Two parenteral penicillins with unusual chemical structures, mecillinam and temocillin (Table 2), were introduced to treat infections caused by enteric bacteria before the global emergence of extended-spectrum β-lactamases (ESBLs) in the late 1980s. Mecillinam (also known as amdinocillin), with a 6-β-amidino side chain, is a narrow-spectrum β-lactam that binds exclusively to PBP2 in enteric bacteria (Curtis et al. 1979). Because of this specificity, it shows synergy in vitro in combination with other β-lactams that bind to PBPs 1a/1b and/or PBP3 in Gram-negative bacteria (Hanberger et al. 1991), thus decreasing the possibility that a point mutation in a single PBP would lead to resistance (Hickman et al. 2014).
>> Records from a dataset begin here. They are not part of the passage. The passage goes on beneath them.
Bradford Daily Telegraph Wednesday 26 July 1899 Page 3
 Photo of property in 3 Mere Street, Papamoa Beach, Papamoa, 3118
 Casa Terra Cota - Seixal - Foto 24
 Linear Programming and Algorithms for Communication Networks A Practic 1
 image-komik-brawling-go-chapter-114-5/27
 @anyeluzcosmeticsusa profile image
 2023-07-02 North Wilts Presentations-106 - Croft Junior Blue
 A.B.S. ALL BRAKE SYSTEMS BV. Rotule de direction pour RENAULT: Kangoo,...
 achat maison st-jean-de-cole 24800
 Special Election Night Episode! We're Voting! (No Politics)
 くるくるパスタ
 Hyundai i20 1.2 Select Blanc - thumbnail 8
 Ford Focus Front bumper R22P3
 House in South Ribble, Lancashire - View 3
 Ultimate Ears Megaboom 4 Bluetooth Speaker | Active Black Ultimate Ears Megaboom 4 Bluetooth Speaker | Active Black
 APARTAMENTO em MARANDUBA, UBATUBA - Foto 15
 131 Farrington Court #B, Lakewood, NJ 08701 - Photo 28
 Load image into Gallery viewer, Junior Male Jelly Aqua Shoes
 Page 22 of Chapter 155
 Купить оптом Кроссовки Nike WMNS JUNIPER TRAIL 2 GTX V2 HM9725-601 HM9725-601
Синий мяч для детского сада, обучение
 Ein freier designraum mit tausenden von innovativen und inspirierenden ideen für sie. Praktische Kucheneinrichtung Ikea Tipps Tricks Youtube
Temocillin, the 6-α-methoxypenicillin analog of ticarcillin, had greater stability than ticarcillin to hydrolysis by serine β-lactamases, but lost antibacterial activity against Gram-positive bacteria, anaerobic Gram-negative pathogens, and some enteric bacteria that included the important pathogens Enterobacter spp. and Serratia marcescens (Martinez-Beltran et al. 1985). Mecillinam and temocillin are currently enjoying a resurgence in interest owing to their stability to many ESBLs (Livermore et al. 2006; Rodriguez-Villalobos et al. 2006), often resulting in greater than 90% susceptibility when tested against many contemporary ESBL-producing Enterobacteriaceae (Giske 2015; Zykov et al. 2016).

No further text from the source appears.